GoldGold futures settled higher as the dollar remained weak against the euro but pared some initial gains following the fall in crude oil prices.

Silver futures outperformed Gold in percentage terms as it gained 0.46 percent on COMEX against 0.24 percent rise in gold on COMEX. The rise in precious metals on MCX was higher owing to fall in rupee against the dollar.

IN FOCUS:

Mineral Deposits Limited announced that the third tonne of gold, or 96,450 ounces, has been produced from its newlycommissioned Sabodala Gold Mine in Senegal. MDL remains on track to produce 160,000 ounces of gold in calendar 2009.

The world's largest gold-backed exchange-traded fund, the SPDR Gold Trust, said holdings fell to 1,061.83 tonnes as of Aug. 25, down 4.58 tonnes or 0.4 percent from the previous business day.

The dollar was steady against the euro on Wednesday. The U.S. currency slipped against the euro and yen the day before as upbeat U.S. data and Bernanke's renomination encouraged some investors to buy higher-yielding currencies and assets.

The relationship between gold and the equities market has been increasingly positive. Earlier this year, both the metal and the global stock market had fallen sharply because of deflation worries.

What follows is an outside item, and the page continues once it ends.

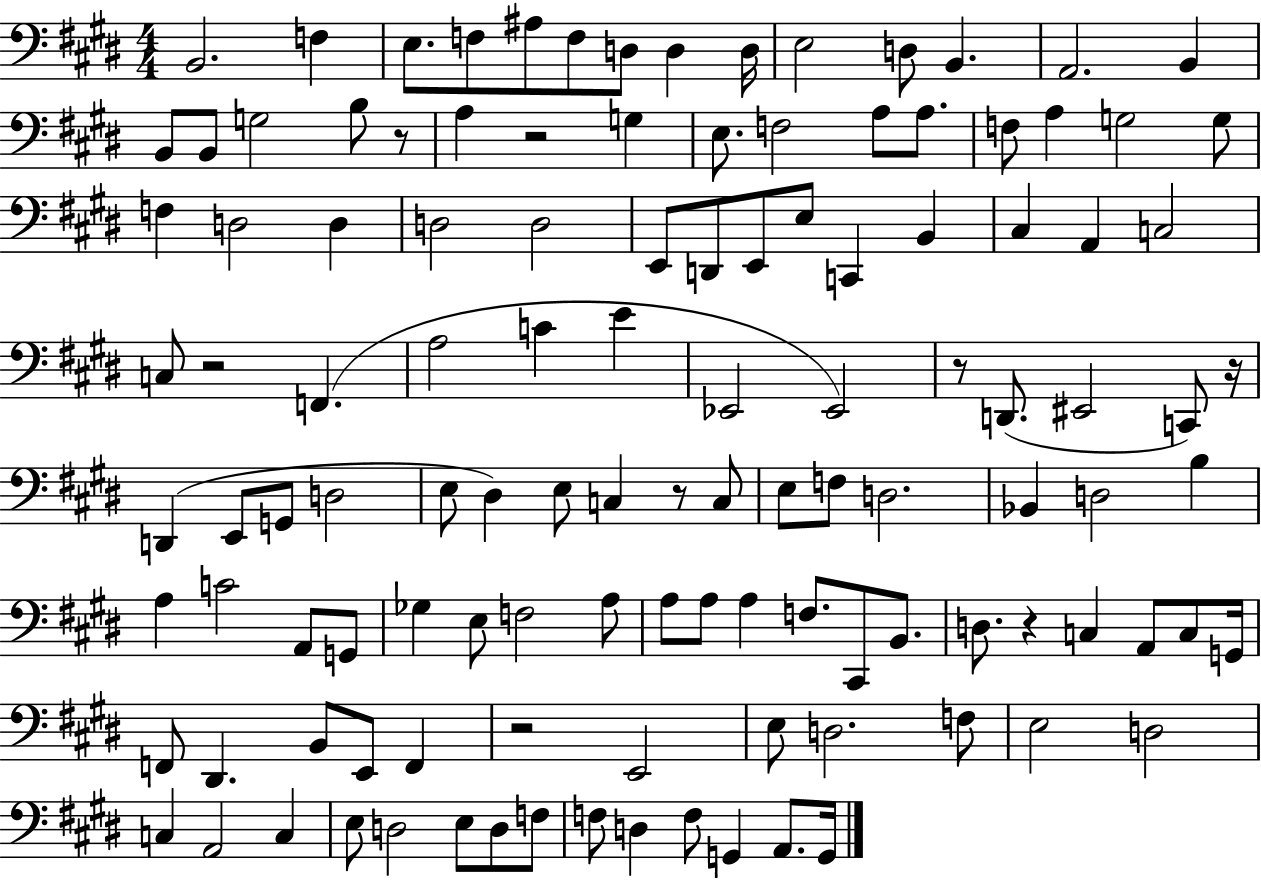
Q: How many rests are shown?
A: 8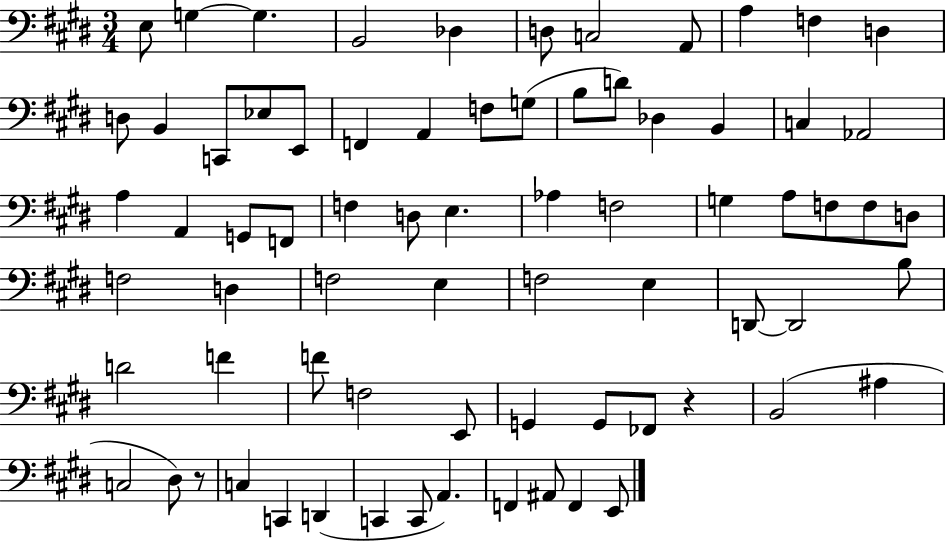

Gold traders squared positions ahead of expirations of September COMEX gold, silver and copper options, as well as Wednesday's weekly U.S. oil inventory data.

FUNDAMENTAL OUTLOOK:

We expect Gold prices to trade sideways to down during the day as the strength in dollar against the basket of currencies following strong economic data from the U.S. may pressurize gold prices. Silver is likely to follow the trend in industrial metals which it has been doing lately. Silver prices may surge on the line of industrial metals. We recommend going long in Silver on dips.